Né à Harlem, l’écrivain a fui le racisme pour accomplir à Paris son destin. Jusqu’à sa mort, en 1987, il a mené le combat des droits civiques, croisant la route de Malcolm X et de Martin Luther King.

Par Stéphane Loignon - Le Parisien Week-End 19 juin 2020

En 1962, huit ans après le début du mouvement des droits civiques, qui réclame la fin des discriminations envers les Noirs aux Etats-Unis, l'écrivain James Baldwin lance une prophétie : « Si nous nous montrons dignes — et par nous, j'entends les Blancs relativement conscients et les Noirs relativement conscients […] —, peut-être la poignée que nous sommes pourra-t-elle mettre fin au cauchemar racial […] »

Dans le cas contraire, conclut ce texte intitulé « Lettre d'une région de mon esprit », « reste le feu ». Cinquante-huit ans plus tard, alors que les Afro-Américains défilent de nouveau pour demander justice, l'avertissement ne semble pas avoir été entendu. Mais il n'a pas été oublié non plus. Le 4 juin, l'ex-président Barack Obama a rappelé sur Twitter l'importance visionnaire de cette « méditation fondatrice sur la race par l'un de nos plus grands écrivains », décisive pour « comprendre la peine et la colère derrière les manifestations ».

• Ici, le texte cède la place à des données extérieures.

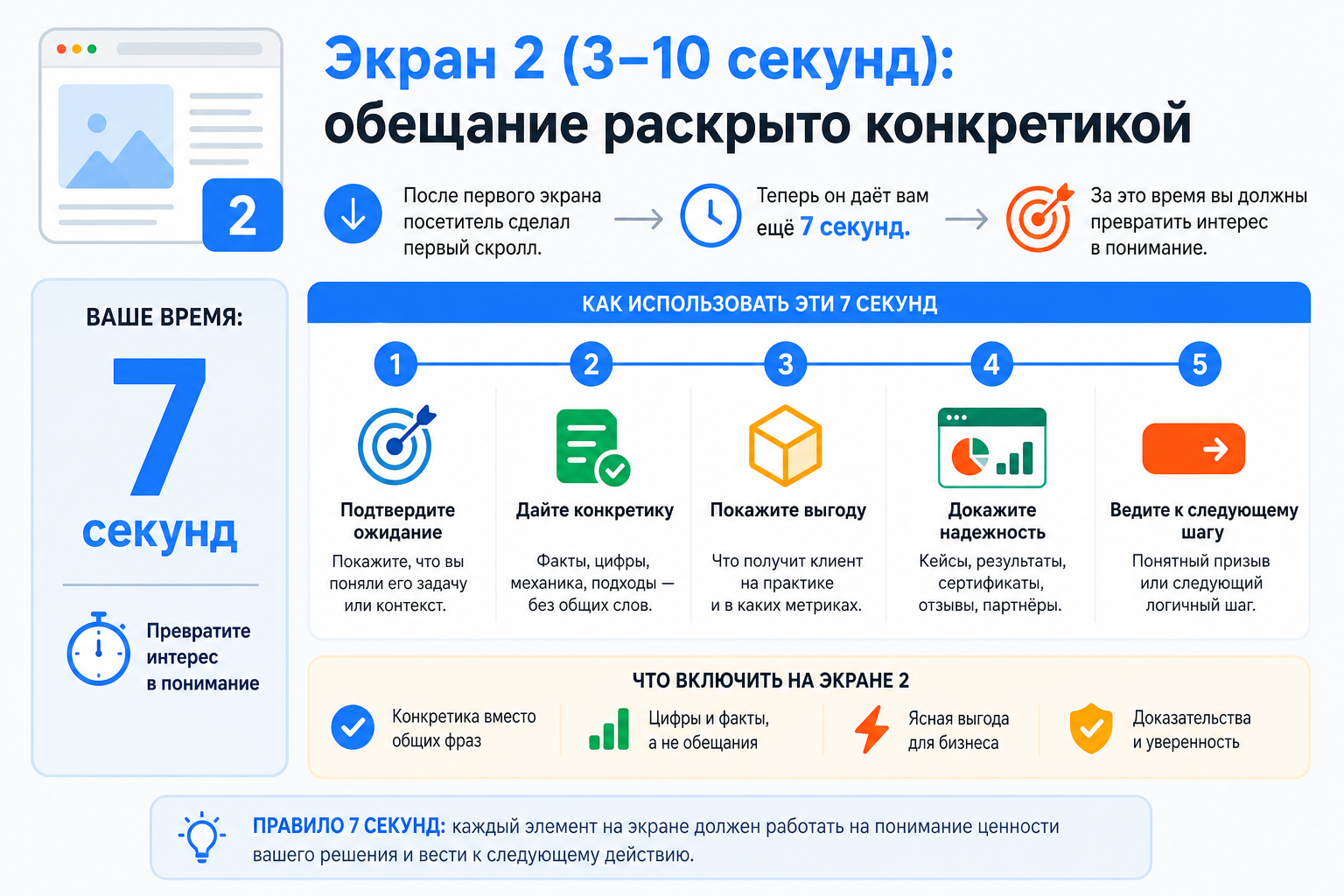 Экран 2 (3–10 секунд): обещание раскрыто конкретикой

Il grandit à New York dans la misère

La vie de cet autodidacte de génie, dont les écrits connaissent un regain d'intérêt depuis la sortie du documentaire basé sur ses textes « I Am Not Your Negro », nommé aux Oscars en 2017, est aussi riche que son œuvre. Né à Harlem, le 2 août 1924, aîné d'une fratrie de neuf enfants, il grandit dans la misère à New York.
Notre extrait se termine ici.